Tim snorted. “I wouldn’t call her that.”

“What would you call her?”

“A snotty little brat.”

“I trust you have good reason for that,” Quentin said cautiously. He didn’t like to hear his son speak like that about anyone. On the other hand, he remembered what the girl had called Tim, and wondered what was at the bottom of the mutual animosity.

“She just isn’t very nice, that’s all.”

“What’s her name?”

“Callie Moran.”

“She’s an awfully pretty kid. What’s your problem with her?”

“What’s her problem with me?” Tim retorted. “She hasn’t said anything nice to me since I moved here.”

“She can’t be the only kid in your class.”

“She’s the most popular. She’s the smartest girl in the whole fifth grade, and she’s the best athlete.” He paused to reflect, then amended that to, “Well, the best after me.”

“Maybe she doesn’t like being the best after anyone. Sounds to me like she’s used to being the best at everything.”

“Yeah, well, too bad for her.” Tim folded his arms over his chest and stared straight ahead.

They rode in silence for a few minutes, then Timmy said, “All the teachers treat her like she’s something special ’cause her father was a cop who got killed.”

“What?” Quentin thought of the girl’s mother. “When?”

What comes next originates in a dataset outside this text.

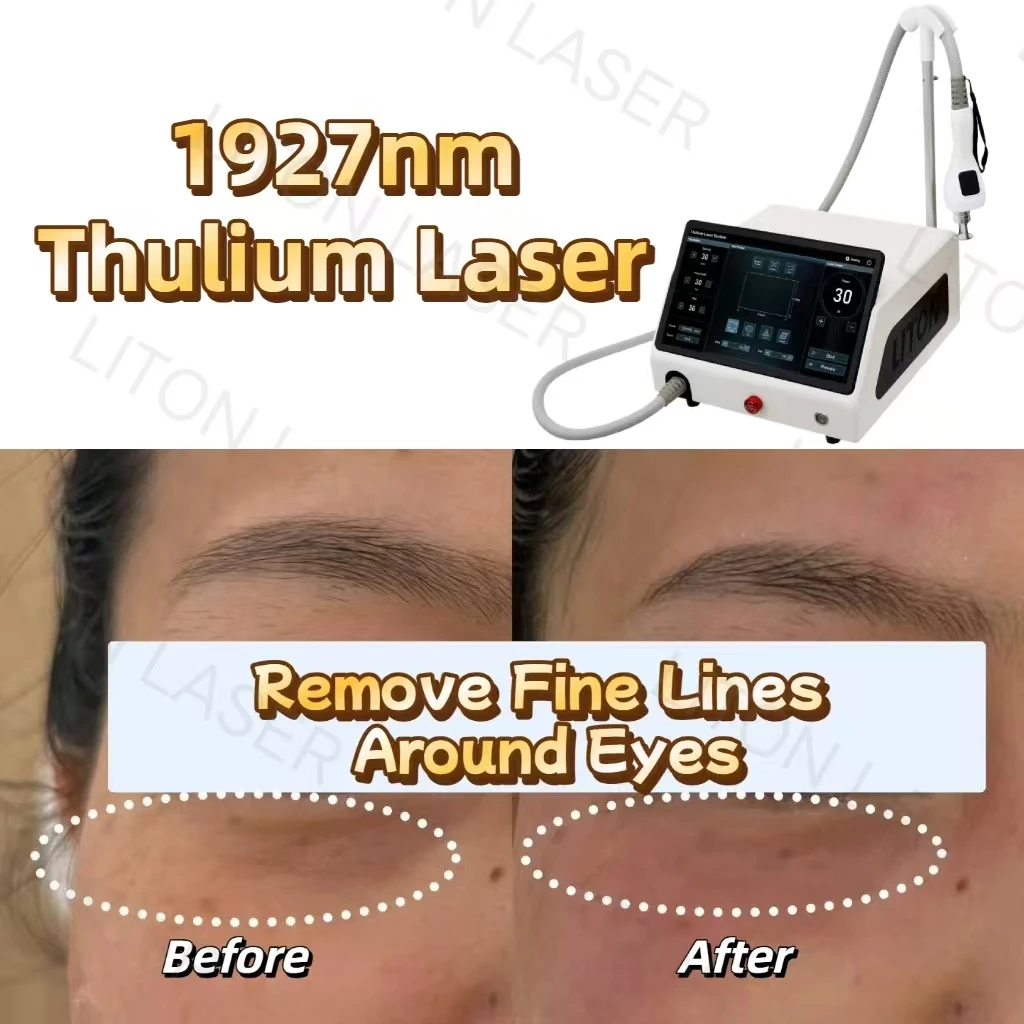 Thulium laser wrinkle removal in the eye area before and after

“Some guy shot him when he was trying to arrest him
or something.” Tim shrugged.

“Wow. That’s terrible.” Quentin thought of how Timmy was dealing with the fact that his mother had left him to pursue her career. How much worse would it be to have a parent taken from you the way Callie Moran had? “I’ll bet it’s been really hard for her.”

Tim declined to comment.

Quentin thought this might be a moment he could use to get his son to open up to how he felt about his mother leaving.

“It’s hard to lose a parent, Tim, under any circumstances.”

“Well, at least her father didn’t run away from her and go to France to take pictures for a stupid magazine.”

“Tim, you know your mother will be back to see you sometime this fall.”

“Big deal. I’ll bet she doesn’t even come.” He kicked the bottom of the dash.

“She said she would.”

“She says a lot of things.” Timmy’s bottom lip began to quiver. “And she lies a lot.”

Quentin wished he could assure his son that his mother would, in fact, be back to see him in a few months as she’d promised. But they both knew that she did, in fact, lie when it suited her, and one thing Quentin had vowed when she left was to never lie to Timmy. Instead, he tried to shift the conversation from those dangerous waters and back to Callie Moran.

“I’m sure Callie would love to be able to say that maybe she’d see her dad again sometime,” Quentin said softly. “Anytime.”

“Yeah, I guess.”

Quentin silently cursed his ex-wife. For months
after she left, he’d kept their home in St. Louis, thinking that maybe his son would be better off in familiar surroundings. Tim went to the same school he’d always gone to, played for the same sports teams, hung out with the same kids. But as time went on, it became apparent that there was no point in trying to pretend that nothing had changed in Tim’s life except for the fact that his mother was gone. Nothing was the same, and Quentin had some hard decisions to make. In the end, he’d decided to move east, to the New Jersey town where his mother now made her life with her new husband. If nothing else, Tim would have extended family members. He’d have time to spend with Quentin’s mother, and he’d get to know his stepgrandfather and his stepaunt.